The task:
Please take the lines from the one holding "Nozawa Onsen photo 3" through the one holding "Decoding Plant Light" in the data below and copy them exactly.

Data records:
------------------------------------------------------------------------
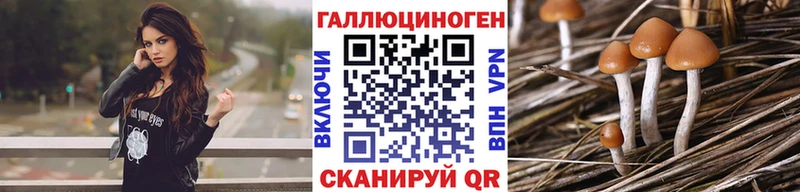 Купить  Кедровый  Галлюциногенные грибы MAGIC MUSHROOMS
------------------------------------------------------------------------
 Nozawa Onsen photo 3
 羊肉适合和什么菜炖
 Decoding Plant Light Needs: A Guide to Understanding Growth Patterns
------------------------------------------------------------------------
Answer to this problem:
 Nozawa Onsen photo 3
 羊肉适合和什么菜炖
 Decoding Plant Light Needs: A Guide to Understanding Growth Patterns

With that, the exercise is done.